RECORDS SUPPLIED:
#####

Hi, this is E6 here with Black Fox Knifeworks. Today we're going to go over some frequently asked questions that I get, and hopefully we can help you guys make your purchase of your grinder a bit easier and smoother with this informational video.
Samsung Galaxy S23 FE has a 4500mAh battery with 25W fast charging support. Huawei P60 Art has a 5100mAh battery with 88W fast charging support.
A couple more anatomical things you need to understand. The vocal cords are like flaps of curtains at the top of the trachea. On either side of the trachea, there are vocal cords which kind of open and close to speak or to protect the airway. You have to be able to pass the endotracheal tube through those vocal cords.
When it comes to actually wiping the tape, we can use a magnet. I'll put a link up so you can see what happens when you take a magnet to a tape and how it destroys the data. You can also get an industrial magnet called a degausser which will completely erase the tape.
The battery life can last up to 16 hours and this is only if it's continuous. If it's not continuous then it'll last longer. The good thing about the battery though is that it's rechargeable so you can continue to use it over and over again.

#####

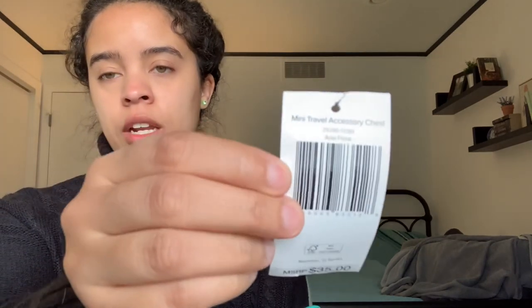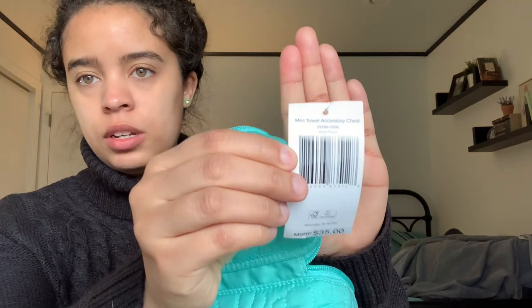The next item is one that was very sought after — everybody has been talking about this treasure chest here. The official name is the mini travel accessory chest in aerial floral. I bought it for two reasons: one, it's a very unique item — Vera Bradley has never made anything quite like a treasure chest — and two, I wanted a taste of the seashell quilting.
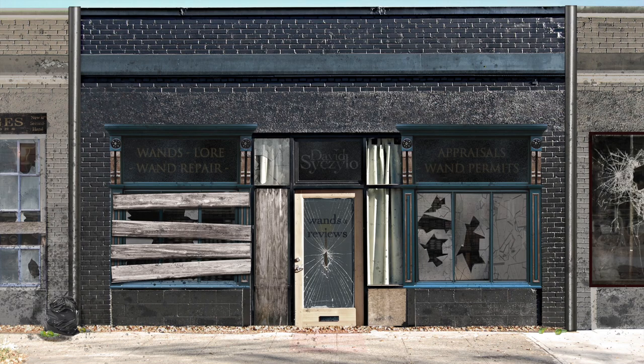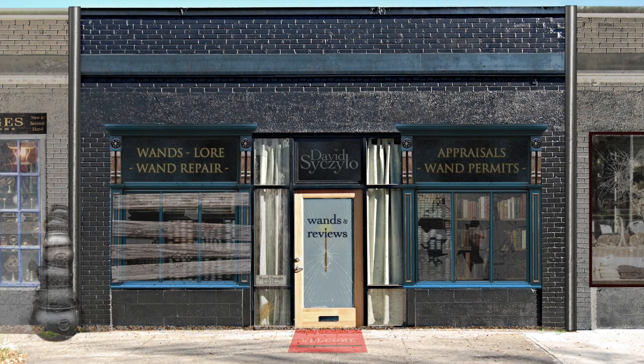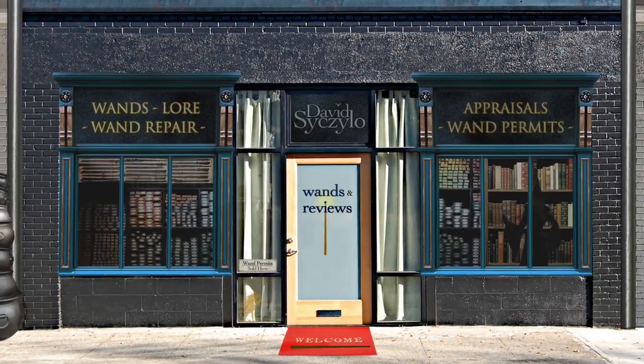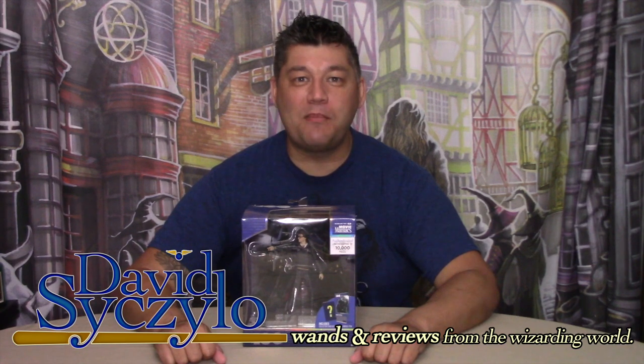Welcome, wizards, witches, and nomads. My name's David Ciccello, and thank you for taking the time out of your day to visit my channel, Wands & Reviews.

#####

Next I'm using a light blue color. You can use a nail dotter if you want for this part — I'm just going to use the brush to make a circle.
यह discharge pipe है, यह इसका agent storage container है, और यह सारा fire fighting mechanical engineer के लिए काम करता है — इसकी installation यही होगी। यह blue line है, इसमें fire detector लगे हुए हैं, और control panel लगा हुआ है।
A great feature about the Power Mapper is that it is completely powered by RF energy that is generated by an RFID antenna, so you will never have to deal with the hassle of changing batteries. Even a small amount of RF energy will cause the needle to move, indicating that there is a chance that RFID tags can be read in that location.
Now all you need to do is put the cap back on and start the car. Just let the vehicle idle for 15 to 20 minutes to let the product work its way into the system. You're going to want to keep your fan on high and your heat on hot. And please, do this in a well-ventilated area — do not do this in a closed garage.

#####

ABOUT THIS TASK: Starting with the line above that holds "Hi, this is" and stopping with the line that holds "Samsung Galaxy S23", reproduce each line exactly, omitting all other lines.

TASK SOLUTION:
Hi, this is E6 here with Black Fox Knifeworks. Today we're going to go over some frequently asked questions that I get, and hopefully we can help you guys make your purchase of your grinder a bit easier and smoother with this informational video.
Samsung Galaxy S23 FE has a 4500mAh battery with 25W fast charging support. Huawei P60 Art has a 5100mAh battery with 88W fast charging support.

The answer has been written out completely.